Rust makes programming more productive. Are you denying that?
And C is not going to get Rust features: C's philosophy to stay limited on purpose.
With such expressivity, there is a risk in a big project of individuals conjuring wildly different mechanisms to express similar if not identical ideas, losing out on understandability and consistency. The solution is often a strong style guide that everyone must read and follow. If Rust ever makes it to the kernel, I hope such a guide is written...
I would think that the extremely complicated algorithms that are often used are just intrinsically difficult, and things like metaprogramming allow a lot of expressivity in C already.
Having to think through race conditions is likely more of an issue than having to think through 3 obvious but distinct ways of doing the same thing syntactically.
Even though I would prefer there be only one obvious way to do things.
Because you need to emulate in C the features that more advanced languages have buitin, such as virtual tables, tagged union, lists, hash map, and whatnot.
This is just a lot of conventions that are specific to each project that need to be learned and put in some style guide or development guide. In big projects, different developers will use different conventions in different part of the code, that's unavoidable.
This seems pretty straightforwardly wrong? All else equal it's better to have things be less work. And saying that isn't an insult to people who had to do the hard work in the past.
> It’s insulting to present this as an improvement over what was achieved by those doing all this hard work.

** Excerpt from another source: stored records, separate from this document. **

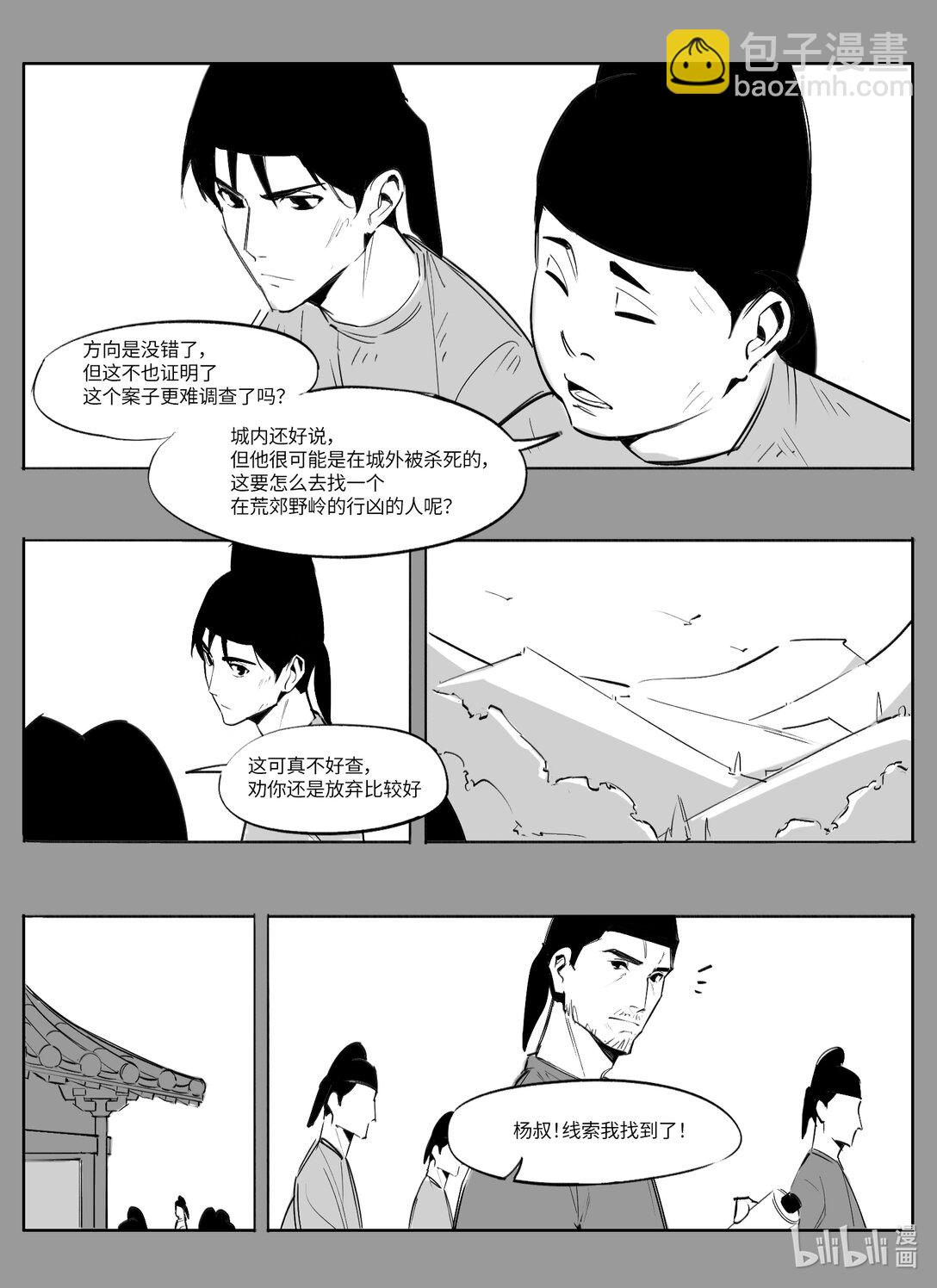 《大唐寻妖录》04 调查受阻 第4页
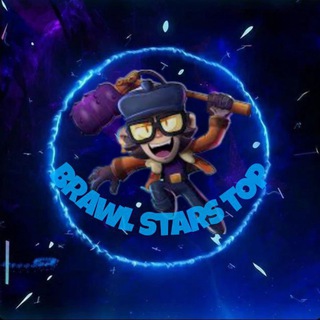 Telegram profile photo for Мир Brawl Stars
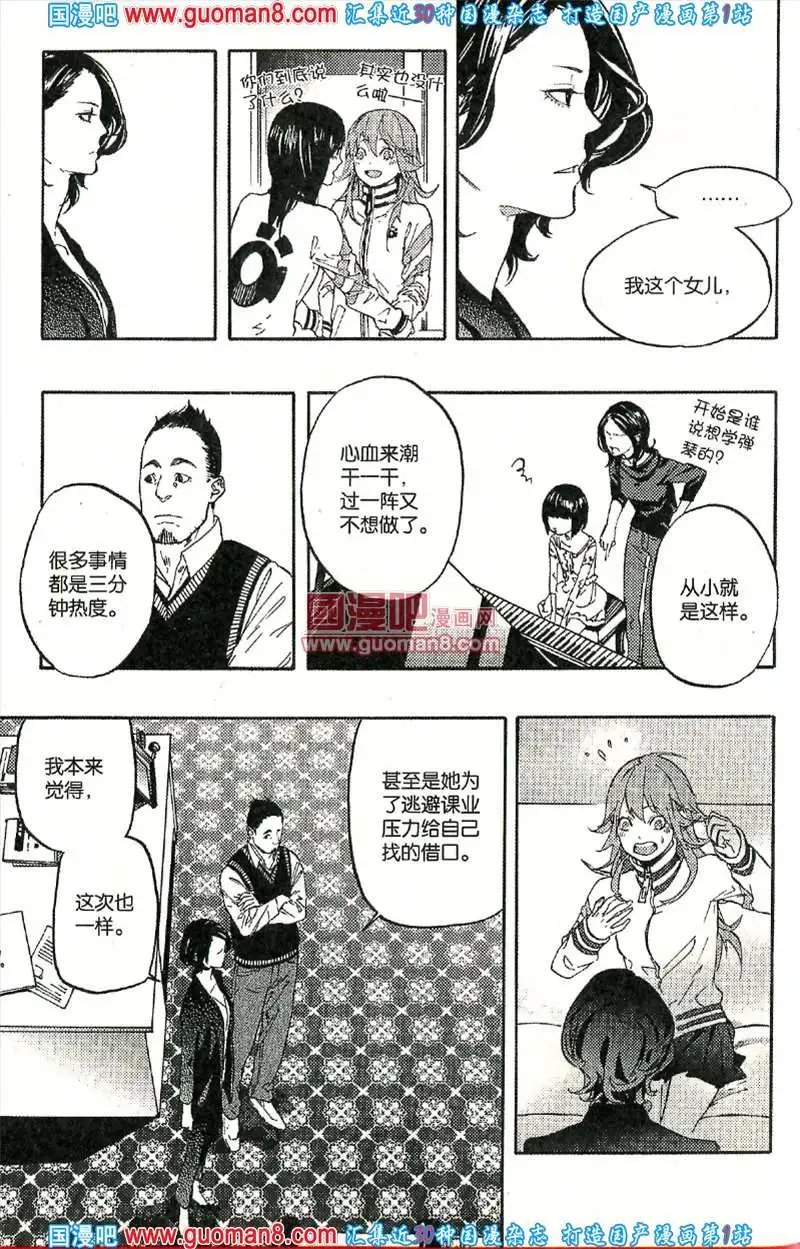 343期 全本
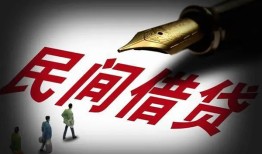 成都29社保信用贷款-成都29靠谱个人借钱-成都29私人借贷不查征信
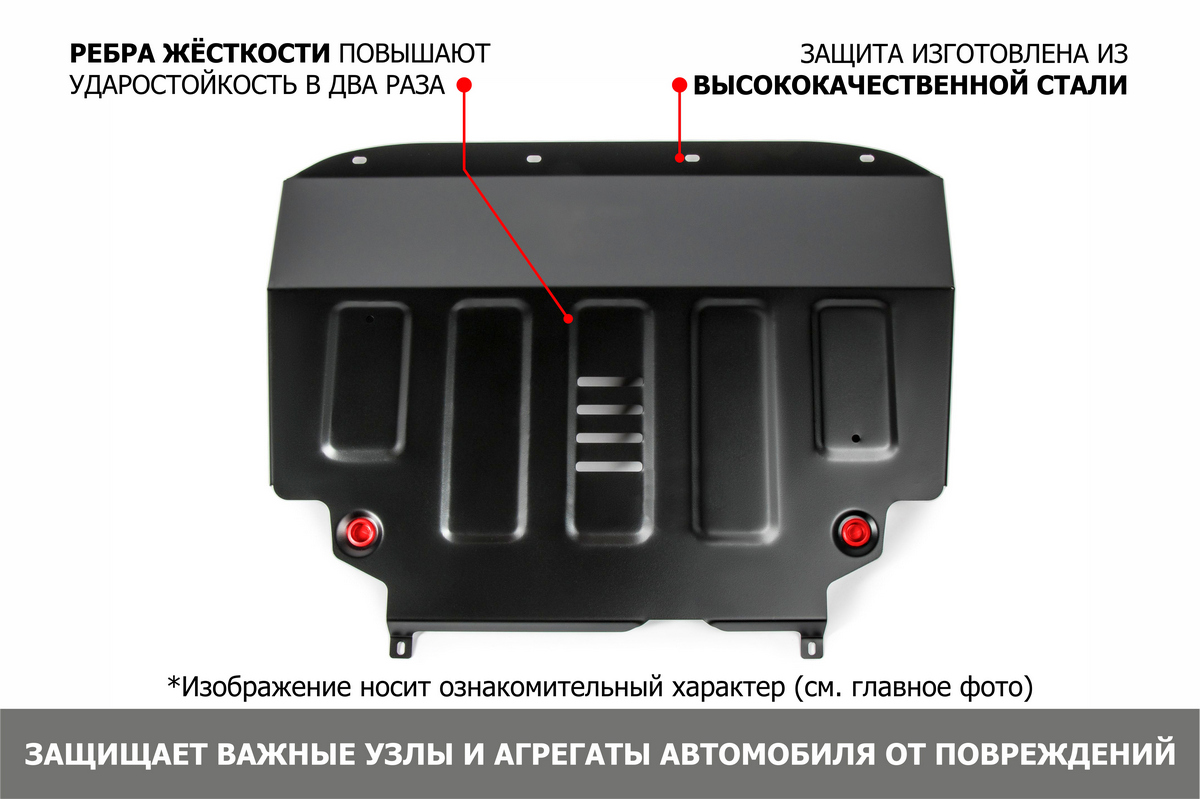 Киа Венга Защита Картера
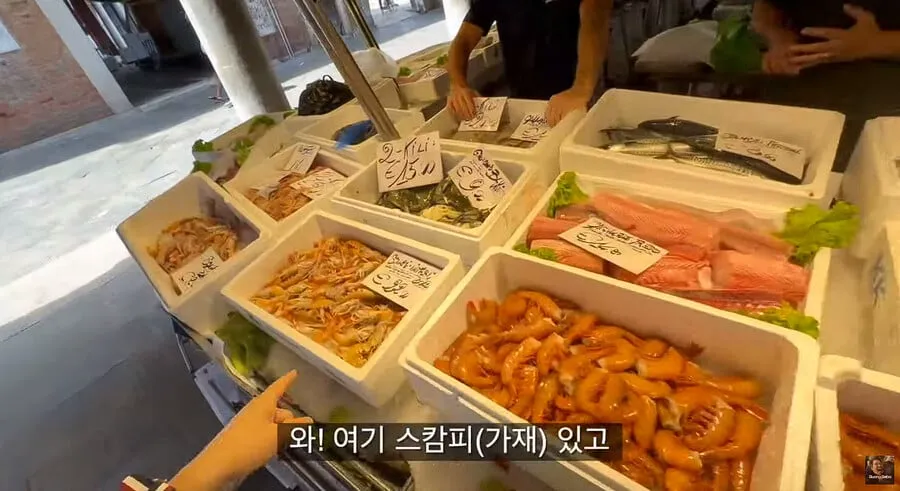 이탈리아에서 난리났다는 청게(블루크랩) 가격.jpg (8/20)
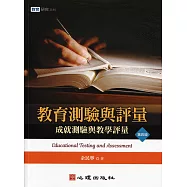 教育測驗與評量：成就測驗與教學評量(第四版)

From my perspective, Rust does not belong in kernel. But meanwhile Linux kernel does not belong in modern infrastructure. Until the day a mature kernel-oriented language and an established kernel showed themselves, Frankenstein experiments will continue to trump both parties.
I'll say what I said about about Drew Devault just a few months ago, "He also never makes an argument. After awhile you realize he's not really saying anything at all. It's fundamentally contentless... It's all just vibes, like Fox News's opinion journalism or Trump is just vibes."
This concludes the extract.